Si en cada interacción con su jefe o con un tercero el o la asistente eleva la duda, no está generando valor
Ni todos o todas tienen el mismo perfil, ni ganan lo mismo. Además, la variedad de funciones es enorme. Cierto, en mucho influye el estilo personal de dirigir de su asistido y el grado de ‘juego’ que le permiten en su organización. Pero a pesar de esas variaciones, hay tres habilidades que convierten a cada asistente en un elemento indispensable para el éxito de cualquier gerente o director:
1) Agregar certeza, no duda.- El asistente no está obligado/a a saber todo, ni a responder de manera inmediata cada asunto que se le consulta o se le pide que procese. Pero a pesar de no ser responsable de resolver el fondo de la mayoría de temas que pasan por sus manos, sí debe mantenerse enfocado/a en contribuir al avance de las cosas, a eliminar pasos, a contribuir con lo que sí sabe, a facilitar las cosas y a eliminar las dudas evitables. En síntesis, a accionar en dirección a la certeza.
Si en cada interacción con su jefe o con un tercero el o la asistente eleva la duda, no está generando valor. “¿Qué sentido tiene procesar el tema con esa persona?”, se preguntaría cualquiera con algo de sentido común.
2) Contribuir al orden de las cosas, no a su desorden.- Una forma de ver a una organización es como una suma de métodos y procesos. Las cosas se hacen de cierta forma, las operaciones se registran de determinada manera y la información se ordena en lugares definidos, físicos y digitales.
Cuando cada asistente quiere tener ‘su orden’ o no seguir ninguno, aunque argumente que tiene su propia manera de hacer las cosas, en el fondo contribuye al desorden de las mismas en el largo plazo. Sin duda puede proponer métodos, pero lo relevante es que su intervención contribuya a un orden institucional, no sólo personal.
3) Diferenciar cuando habla por su director y cuando por sí mismo.- Un buen asistente de dirección no se limita a pasar recados, comunica opiniones, posturas, prioridades o compromisos a terceros, internos y externos. Esta es la función más crítica.

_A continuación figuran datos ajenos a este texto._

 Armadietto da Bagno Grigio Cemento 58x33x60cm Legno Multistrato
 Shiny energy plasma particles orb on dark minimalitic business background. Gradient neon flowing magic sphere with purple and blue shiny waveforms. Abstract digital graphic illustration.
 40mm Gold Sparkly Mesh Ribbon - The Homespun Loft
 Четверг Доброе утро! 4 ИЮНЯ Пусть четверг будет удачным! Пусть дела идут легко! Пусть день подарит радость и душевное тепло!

Y lo es porque el interlocutor suele asumir que, en todo momento, cuando el asistente habla sus palabras son reflejo fiel de lo que su jefe piensa, dice u ordena.

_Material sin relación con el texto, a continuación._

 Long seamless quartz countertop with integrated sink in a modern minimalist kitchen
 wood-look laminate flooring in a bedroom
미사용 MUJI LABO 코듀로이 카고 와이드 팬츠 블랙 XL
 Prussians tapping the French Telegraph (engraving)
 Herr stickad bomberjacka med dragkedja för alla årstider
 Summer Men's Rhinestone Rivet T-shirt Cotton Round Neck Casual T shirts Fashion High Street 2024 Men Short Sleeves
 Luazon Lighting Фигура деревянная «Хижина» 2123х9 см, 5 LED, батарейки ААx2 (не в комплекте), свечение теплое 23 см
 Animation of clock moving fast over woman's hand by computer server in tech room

En muchos temas suele ser de altísimo valor (y necesidad) que el o la asistente transmita los términos precisos que le fueron dichos (ni más, ni menos), con el grado de emocionalidad que le sea instruido (no necesariamente el que él o ella haya identificado) y que no pierda el timing de las cosas para que el asunto se gestione lo más oportuno que sea posible.
En síntesis, dado que las más de las veces un asistente no habla por él o ella, sino habla por su jefe o jefa, es vital que el mensaje se cuide, sin omitir, sin disminuir y sin exagerar.
En una columna relacionada en septiembre de 2016, en una reflexión que hablaba de la asistente Inutilus Brutus, reflexionaba en este mismo espacio que “cuando un asistente aparece en escena y se acopla bien al personalísimo estilo de su director, no sólo debe descargarlo de las más posibles tareas de bajo valor, sino que debe enfocarse en ayudarlo a acelerar la resolución de actividades sustantivas, con intervenciones proactivas y mucho seguimiento oportuno”.
Hoy reflexiono lo opuesto. Cuando un asistente aparece en escena y no se ocupa de descargar y procesar con cautela la suma de tareas que ponen cotidianamente en sus manos, no sólo no hace su función bien, sino que agrega lentitud, incertidumbre y complejidad a ‘n’ tareas de la organización que, por omisión o falta de pericia, se convierten en problemas evitables o situaciones incómodas que ningún jefe aspira a tener.